A couple of days later, Aluci told me about her adventures. She had been in the home when I left Timor, but it had been too dangerous to help and I had worried most about her. She'd had a tough time and had been away from home for over two months. Initially in hiding in the house then she was taken over the border to a camp in West Timor, then escaped it and hid for two weeks. She then travelled to another camp and managed to get a flight back to Timor. For two months she had been terrified of being killed or raped. She's seventeen years old.

What had happened to the Araujo family, happened to the entire population of Timor. Everyone had a story and a near escape, but remarkably all of my friends were alive. If I had lived in Suai, in the Western part of East Timor, that definitely wouldn't have been the case. There were two months of terror that afflicted the entire population. For many East Timorese still held in camps in West Timor, the terror is continuing. What I couldn't help noticing most of all is that all the Timorese I knew were thinner and older. Those two months had changed them.

The remit of my visit, other than finding my friends, was to talk to the different activist groups like the students or the womens' groups and find out the issues concerning them. Most of them had nothing and needed basics like computers and paper and chairs and desks. Yet, it was remarkable they were managing with so little. Someone, who had visited many countries after crises, said that the Timorese were getting their country going with remarkable speed.

What made the visit doubly heart-warming to me was a realisation that there was a still a place for the East Timor Ireland Solidarity Campaign in Timor. While we can never fund these organisations to the same scale as the UN can, in many ways our support means more. We were with them before and they don't want us to forget them now.

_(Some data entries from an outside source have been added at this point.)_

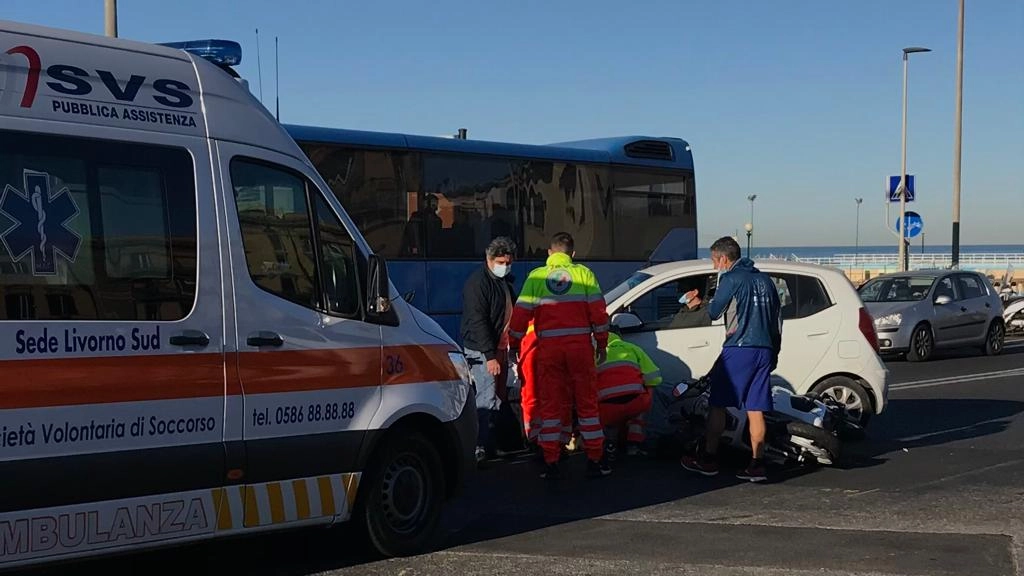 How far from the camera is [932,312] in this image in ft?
67.4

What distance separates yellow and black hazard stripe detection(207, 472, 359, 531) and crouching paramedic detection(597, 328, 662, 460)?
348cm

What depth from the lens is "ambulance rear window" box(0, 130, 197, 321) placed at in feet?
17.5

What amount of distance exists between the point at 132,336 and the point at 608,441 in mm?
5519

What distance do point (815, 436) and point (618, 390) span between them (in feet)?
5.05

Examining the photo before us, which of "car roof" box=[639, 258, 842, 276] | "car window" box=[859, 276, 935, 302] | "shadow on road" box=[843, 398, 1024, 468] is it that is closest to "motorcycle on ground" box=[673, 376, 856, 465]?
"shadow on road" box=[843, 398, 1024, 468]

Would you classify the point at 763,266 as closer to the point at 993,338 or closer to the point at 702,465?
the point at 702,465

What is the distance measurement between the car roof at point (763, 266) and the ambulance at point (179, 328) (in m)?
4.73

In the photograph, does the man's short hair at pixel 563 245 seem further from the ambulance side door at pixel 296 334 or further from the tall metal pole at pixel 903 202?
the tall metal pole at pixel 903 202

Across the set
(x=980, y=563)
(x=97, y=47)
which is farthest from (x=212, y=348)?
(x=980, y=563)

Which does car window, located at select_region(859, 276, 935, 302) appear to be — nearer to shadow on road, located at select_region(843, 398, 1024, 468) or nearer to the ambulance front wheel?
shadow on road, located at select_region(843, 398, 1024, 468)

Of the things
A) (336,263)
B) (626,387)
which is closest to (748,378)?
(626,387)

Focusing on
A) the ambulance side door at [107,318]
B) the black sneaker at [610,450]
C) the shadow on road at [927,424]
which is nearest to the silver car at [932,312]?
the shadow on road at [927,424]

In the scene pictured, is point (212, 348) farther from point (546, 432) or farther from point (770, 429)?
point (770, 429)

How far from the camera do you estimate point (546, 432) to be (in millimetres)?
9156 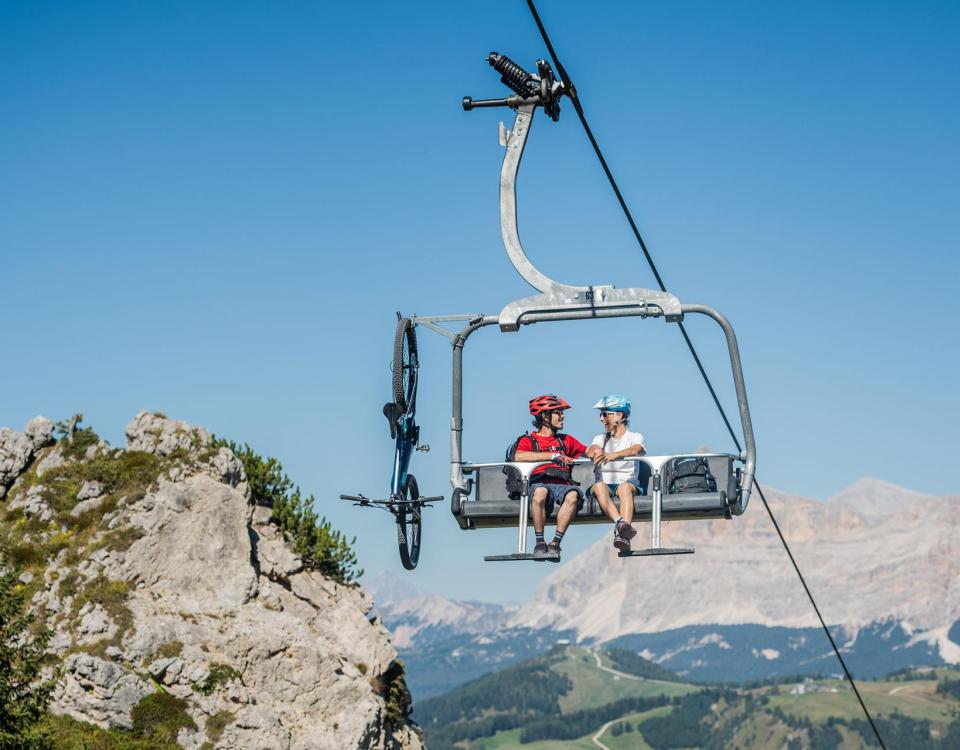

I visited schools who were eager to get in contact with Irish students and practice their English. I met the Timorese scouts and they asked to me to contact the Irish scouts for them. Lito asked me to get him a dictionary. Our neighbour wants a walkman. It doesn't take much for us to help them and the small gesture means so much. One method of supporting the Timorese is by linking Irish schools to Timorese schools.

What they want to know most of all, in their new struggle to forge a new country, is that we have not forgotten them.